How Xseed Games is dealing with working in a global pandemic
It is always interesting to learn how publishers and developers are dealing with working from home during the global pandemic. I wanted to know how it affected production for Xseed Games’ releases over the months.
“We have been working from home for a little over six months now, and while I think we’ve all gotten used to it, at the same time we do miss the face-to-face collaboration that is only possible in an office environment,” says Wheeler. “The transition to working from home was stressful in the first month or so, as seemingly every company in our industry was simultaneously trying to figure out how to make their operations work remotely. We had to scramble to set up localisation QA for a title, but things settled down after a few weeks of headaches, and now it’s business as usual.”
“I’ve read stories about voiceover projects that were disrupted in some way by the transition to work from home, but we were lucky to not have any voiceover projects scheduled during those hectic first months,” he says. “We completed a remote voiceover project recently, and the studio we worked with seemed to have it down to a science. At the same time, just like with working in an office, there is something lost by not being in the same room as the actor, director, and engineer, but that’s just the reality we live in right now.”
Xseed Games Co-Founder Ken Berry is now the President of the company.
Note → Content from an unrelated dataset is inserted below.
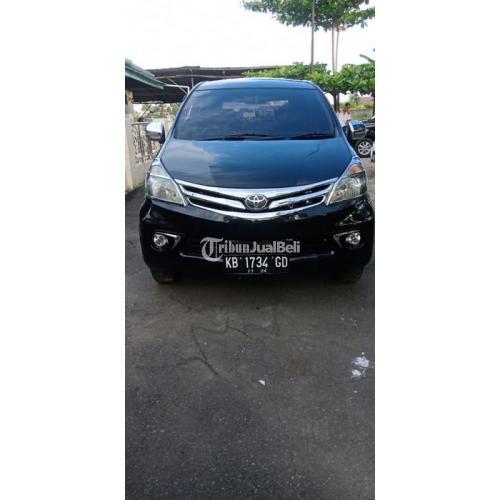 Memilih Avanza Bekas di Pontianak: Panduan Lengkap untuk Pembeli Cerdas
Having worked on so many titles across the publisher’s colourful history, I wanted to know which his favourite project has been so far.
“I would have to say I most enjoyed working on Brave Story: New Traveler for the PSP,” Berry says. “It was one of the first titles we published so I was still overseeing the localisation, but I also wasn’t killing myself trying to meet a hard deadline editing everything by myself like Shadow Hearts: From the New World since I had hired famed localisation house 8-4 (who was also still relatively new at that time) to assist us.”
He goes on to discuss his involvement over the years and what he enjoyed the most so far.
“I’ve been involved in almost every aspect of publishing such as sales, operations, marketing, PR, and QA, but I’ve always found localisation to be the most enjoyable since you have a direct impact on how the game will be experienced by people in a different culture from where it was developed.” he says.
For many Japanese publishers and developers, the only way their physical games make it into India is through import stores and many fans having to go digital to ensure being able to play games on launch day. Xseed Games’ localisations of Trails of Cold Steel and Corpse Party releases have made it here through parallel imports. I wanted to know what Ken Berry had to say for the Indian market and the company’s fans here. The regional pricing definitely helps people here on Steam buy more of Xseed Games’ releases.
“To be honest, I am not very knowledgeable about the market in India, but that is very nice to hear that we have fans of our games and localisation work,” he says. “I think the recent release Raji: An Ancient Epic, which is a game developed by a team based in India, looks very compelling and have been tempted to pick it up, so hopefully it will help bring more attention to the country as a hotbed of indie development in addition to a growing consumer market.”